Pourtant il n’avait pas coupé les ponts avec ses origines. Régulièrement il retournait à Nanterre et prenait des nouvelles. La débâcle était en marche. On avait retrouvé Victor, sur le toit d’un immeuble de dix-huit étages, recroquevillé comme un fétiche de marabout, une seringue plantée dans le scrotum. Overdose. Hassan, un batteur kabyle, blond et immense, s’était fait sauter la tête au fusil de chasse. Les « frères casseurs » étaient incarcérés à Fleury-Mérogis. Et Marcel était définitivement tombé dans l’héroïne.
Karim regardait dériver ses amis et voyait surgir, avec terreur, l’ultime lame de fond. Le sida accélérait maintenant le processus de destruction. Les hôpitaux, jadis peuplés d’ouvriers usés, de vieillards grabataires, se remplissaient de mômes condamnés, aux gencives noires, à la peau tavelée, aux organes rongés. Il vit ainsi la plupart de ses potes disparaître. Il vit le mal gagner en puissance, en étendue, puis s’allier à l’hépatite C pour décimer les rangs de sa génération. Karim recula, la peur aux tripes.
Sa ville se mourait.
En juin 1992, il obtint son diplôme. Avec les félicitations du jury — des beaufs à chevalière qui ne lui inspiraient que pitié et condescendance. Mais il fallait fêter ça. Le Beur acheta du champagne et se rendit aux Fontenelles, la cité de Marcel. Encore aujourd’hui il se souvenait du moindre détail de cette fin d’après-midi. Il avait sonné à sa porte. Personne. Il avait interrogé les gosses, en bas, puis sillonné les halls d’immeuble, les terrains de foot, les décharges de vieux papiers… Personne. Il avait couru ainsi jusqu’au soir. En vain. A vingt-deux heures Karim s’était rendu à l’hôpital de la Maison de Nanterre, service de sérologie — Marcel était séropositif depuis deux ans.
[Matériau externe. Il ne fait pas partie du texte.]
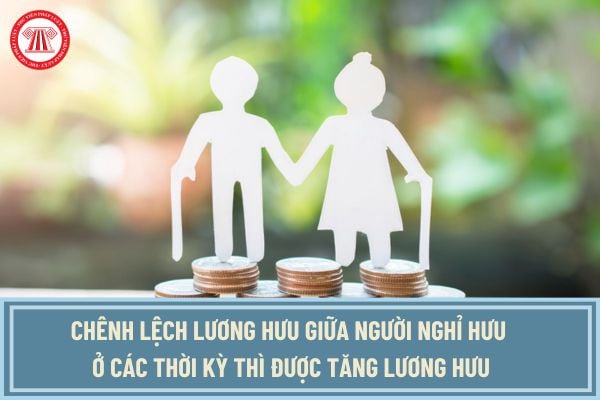 Từ 1/7/2025 chênh lệch lương hưu giữa người nghỉ hưu ở các thời kỳ thì được tăng lương hưu đúng không?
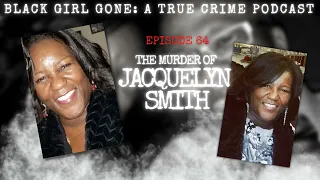 The Murder Of Jacquelyn Smith| Black Girl Gone A True Crime Podcast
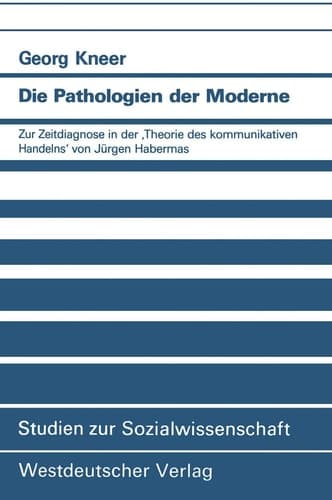 Die Pathologien der Moderne Zur Zeitdiagnose in der ‚Theorie des kommunikativen Handelns‘ von Jürgen Habermas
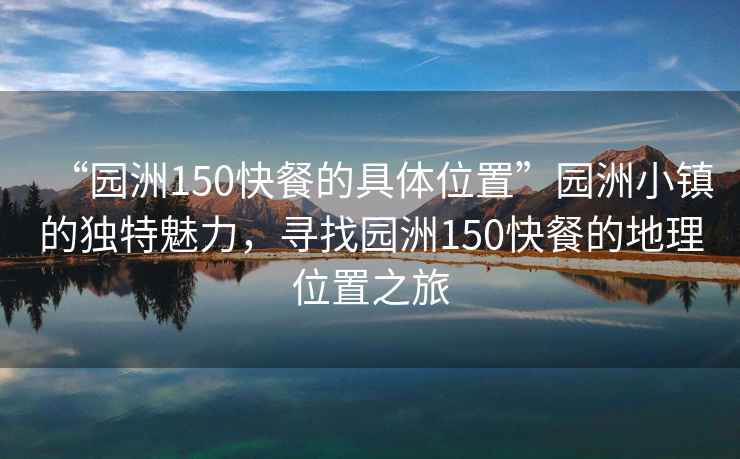 “園洲150快餐的具體位置”園洲小鎮(zhèn)的獨特魅力，尋找園洲150快餐的地理位置之旅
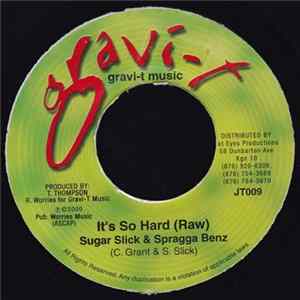 Sugar Slick & Spragga Benz - It's So Hard Mp3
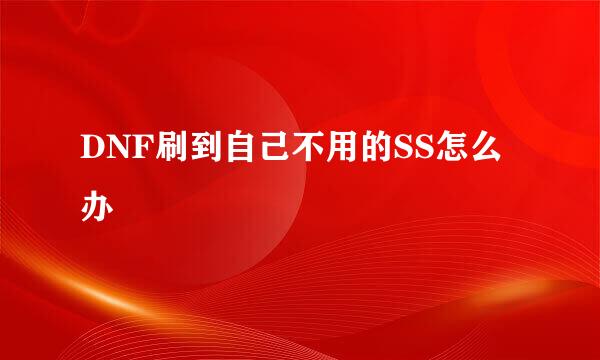 DNF刷到自己不用的SS怎么办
Il avait traversé les tempêtes d’éther, affronté les visages malades, interrogé les docteurs. Il avait vu la mort au travail, contemplé les progrès atroces de l’infection.
Mais il n’avait pas trouvé Marcel.
Cinq jours plus tard, il apprit qu’on avait retrouvé le corps de son ami au fond d’une cave, les mains grillées, le visage tailladé, les ongles vrillés à la perceuse. Marcel avait été torturé à mort, avant d’être achevé d’un coup de shotgun dans la gorge. Karim ne fut pas étonné par la nouvelle.
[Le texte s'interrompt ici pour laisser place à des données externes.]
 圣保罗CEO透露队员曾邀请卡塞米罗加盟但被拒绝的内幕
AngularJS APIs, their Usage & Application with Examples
Son ami consommait trop et étiolait les doses qu’il vendait. Son commerce était devenu une course contre la mort. Coup de hasard, le même jour, le flic reçut sa carte d’inspecteur, tricolore et flamboyante. Il vit, dans cette coïncidence, un signe. Il recula dans l’ombre et sourit en songeant aux assassins de Marcel. Ces salopards ne pouvaient prévoir que Marcel avait un pote policier. Ils ne pouvaient prévoir non plus que ce flic n’hésiterait pas à les tuer, au nom d’un passé révolu et de la conviction profonde que, putain, non, la vie ne pouvait être aussi dégueulasse.
Karim se mit en quête.
En quelques jours il obtint le nom des tueurs. On les avait vus avec Marcel, peu de temps avant le moment présumé du meurtre. Thierry Kalder, Eric Masuro, Antonio Donato. Le Beur fut déçu : il s’agissait de trois camés aux petits bras qui avaient sans doute voulu arracher à Marcel le lieu où il planquait sa came. Karim s’informa avec plus de précision : ni Kalder ni Masuro n’avaient pu torturer Marcel. Pas assez givrés. Donato était le coupable. Rackets et violences sur des mômes. Proxénétisme de mineures sur fond de chantiers. Camé jusqu’à l’os.
Karim décida que son sacrifice suffirait à sa vengeance.